◆ **Your objective**
Of all the lines in the entries below, give again exactly those starting at the line containing "OLEGA Electric Kettle" and ending at the line containing "Afstuderen Rode Uitnodiging", both ends included, and no others.

◆ **Exercise input**
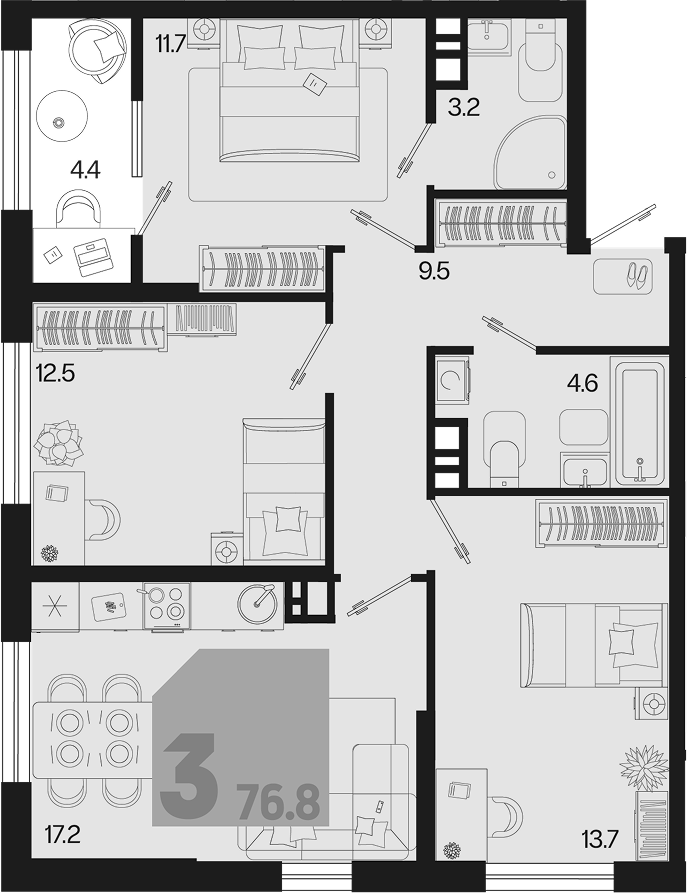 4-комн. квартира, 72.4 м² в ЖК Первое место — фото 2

* * *

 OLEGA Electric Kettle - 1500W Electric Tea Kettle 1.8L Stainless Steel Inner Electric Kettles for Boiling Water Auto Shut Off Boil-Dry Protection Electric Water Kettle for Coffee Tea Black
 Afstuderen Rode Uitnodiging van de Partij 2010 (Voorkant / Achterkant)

...

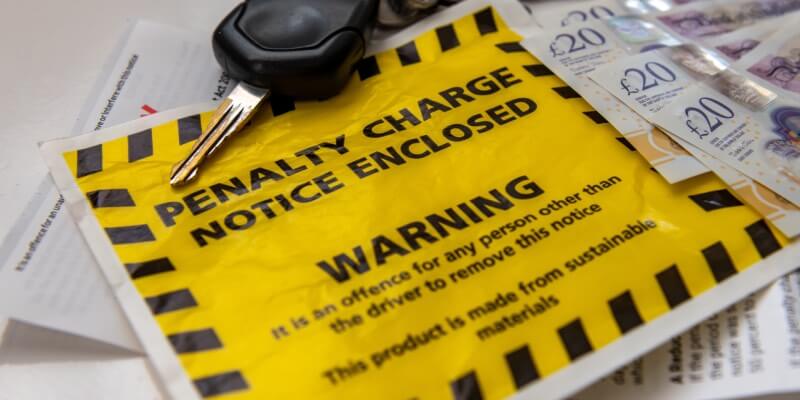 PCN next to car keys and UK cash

◆ **Answer box**
 OLEGA Electric Kettle - 1500W Electric Tea Kettle 1.8L Stainless Steel Inner Electric Kettles for Boiling Water Auto Shut Off Boil-Dry Protection Electric Water Kettle for Coffee Tea Black
 Afstuderen Rode Uitnodiging van de Partij 2010 (Voorkant / Achterkant)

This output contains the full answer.